Bei dem gemeinsamen Leben der Erkrankten mit den Gesunden und in Unkenntnis über die Ansteckungsgefahren wurde die Krankheit auch in bessergestellte Familien übertragen, die nicht mehr in Bettkästen schliefen. So starb z.B. auch die erste Frau des „Dr. Jans“ an Tuberkulose, ebenso die zweite Frau und die Tochter Lina. Hilflos standen die Ärzte dieser Krankheit gegenüber. Erst als Prof. Robert Koch den Erreger der Tuberkulose und die Übertragung auch auf Gesunde entdeckte und die häuslichen Verhältnisse vieler Ochtruper besser wurden, ging die Krankheit stark zurück.
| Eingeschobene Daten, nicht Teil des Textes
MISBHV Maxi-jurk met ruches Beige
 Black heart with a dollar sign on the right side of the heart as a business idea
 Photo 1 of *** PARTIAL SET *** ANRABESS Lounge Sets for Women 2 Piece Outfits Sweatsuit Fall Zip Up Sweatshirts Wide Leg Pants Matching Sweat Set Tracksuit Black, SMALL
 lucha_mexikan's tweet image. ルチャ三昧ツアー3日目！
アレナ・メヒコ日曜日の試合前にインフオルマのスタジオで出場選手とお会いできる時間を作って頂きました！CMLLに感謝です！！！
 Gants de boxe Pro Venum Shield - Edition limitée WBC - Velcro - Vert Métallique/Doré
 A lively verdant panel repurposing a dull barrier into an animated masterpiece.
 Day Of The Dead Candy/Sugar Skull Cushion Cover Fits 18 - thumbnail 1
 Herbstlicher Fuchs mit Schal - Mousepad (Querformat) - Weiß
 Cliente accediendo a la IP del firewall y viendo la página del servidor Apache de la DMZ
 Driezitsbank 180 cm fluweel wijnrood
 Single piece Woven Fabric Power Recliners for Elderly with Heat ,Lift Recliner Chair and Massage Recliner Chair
Erwähnt sei aber auch noch eine andere Krankheit, das sogenannte „Wechselfieber“. Diese trat aber immer nur im Herbst auf. Zu jener Zeit ging eine größere Zahl Ochtruper regelmäßig nach Holland zur „Grummeternte“ Kehrten sie gegen Ende des Herbstes zurück, brachten sie außer holländischen Gulden vielfach auch das „Wechselfieber“ mit. Das Chinin war damals zum Glück bereits als Heilmittel bekannt. „Dr. Jans“ verabreichte dieses in größeren Dosen, so dass die Erkrankten relativ schnell wieder genasen und Heilung erfuhren. Im Spätherbst fehlten außerdem die übertragenden Mücken, so dass die Krankheit nicht noch weiter auf Gesunde übertragen wurde.

Hartnäckige Vorstellungen des Amtmannes Balzer hatten 1861 erreicht, dass die königliche Regierung in Münster dem Apotheker A. Krauthausen zu Epe die Erlaubnis erteilte, in Ochtrup eine Filialapotheke zu eröffnen. Diese wurde unter Amtmann Schumann am 25. 8. 1890 in eine selbstständige Apotheke umgewandelt. Erster Eigentümer der jetzt noch bestehenden Adler- Apotheke, heute „Alte Stadtapotheke“, war der Apotheker Ohm. Und dieser Tatbestand war für die weitere ärztliche Betreuung der Bevölkerung von Ochtrup von wesentlicher Bedeutung.

Auch die ersten Anfänge einer Sozialversicherung sind damals bereits vorhanden gewesen. So existierte um die 80er Jahre des v. Jh. in Ochtrup eine Gemeindekrankenkasse (nicht zu verwechseln mit der Gemeindearmenkasse) sowie die Fabrikkrankenkasse der Firma Gebr. Laurenz.

Als Johannes Gärtner nach 40jähriger Tätigkeit in Ochtrup am 16.7.1886 starb, war die stürmische wirtschaftliche Aufwärtsentwicklung noch in vollem Gange.

Wenn „Dr. Jans“ auch schon als Arzt großes Ansehen genoss, so wuchs der Ruf seines Sohnes August noch weit über ihn hinaus.
Die Erinnerung an beide ist in Ochtrup durch die „Prof-Gärtner-Straße" wachgehalten.